:: WHAT TO DO ::
Repeat, exactly and in full, the lines of the listing below, but without any pictures.

:: DATA BLOCK ::

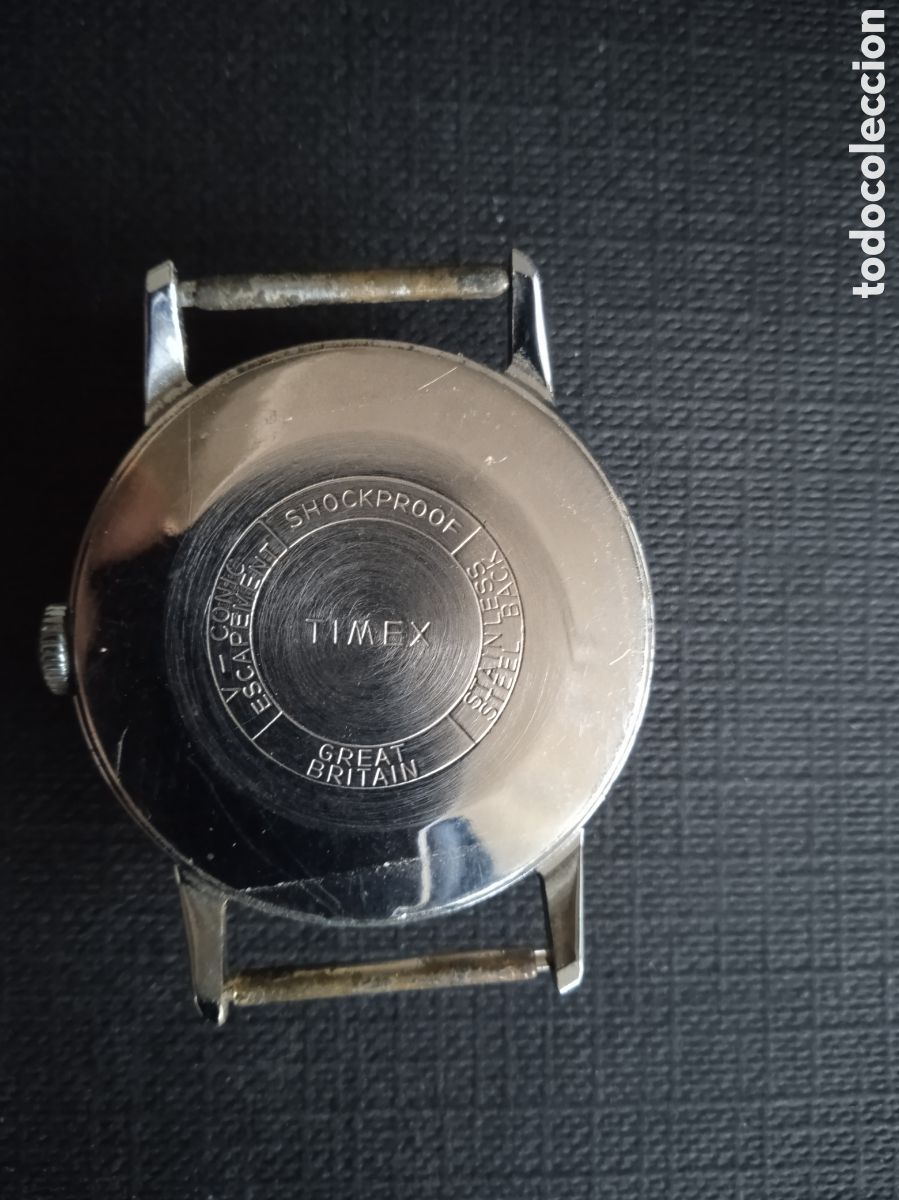 Relojes de pulsera: RELOJ TIMEX CARGA MANUAL - Foto 2
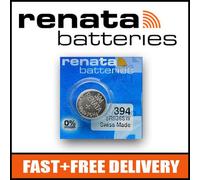 1 x Renata 394 Watch Battery 1.55v SR936SW - Official Renata Watch Batteries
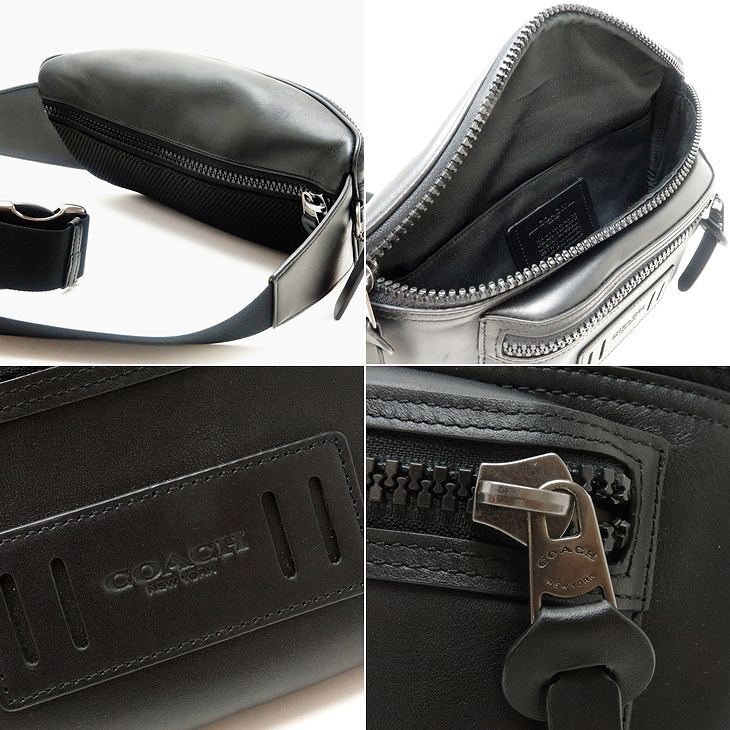 コーチ COACH バッグ メンズ ショルダーバッグ 斜めがけ 肩掛け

:: YOUR SOLUTION ::
 Relojes de pulsera: RELOJ TIMEX CARGA MANUAL - Foto 2
 1 x Renata 394 Watch Battery 1.55v SR936SW - Official Renata Watch Batteries
 コーチ COACH バッグ メンズ ショルダーバッグ 斜めがけ 肩掛け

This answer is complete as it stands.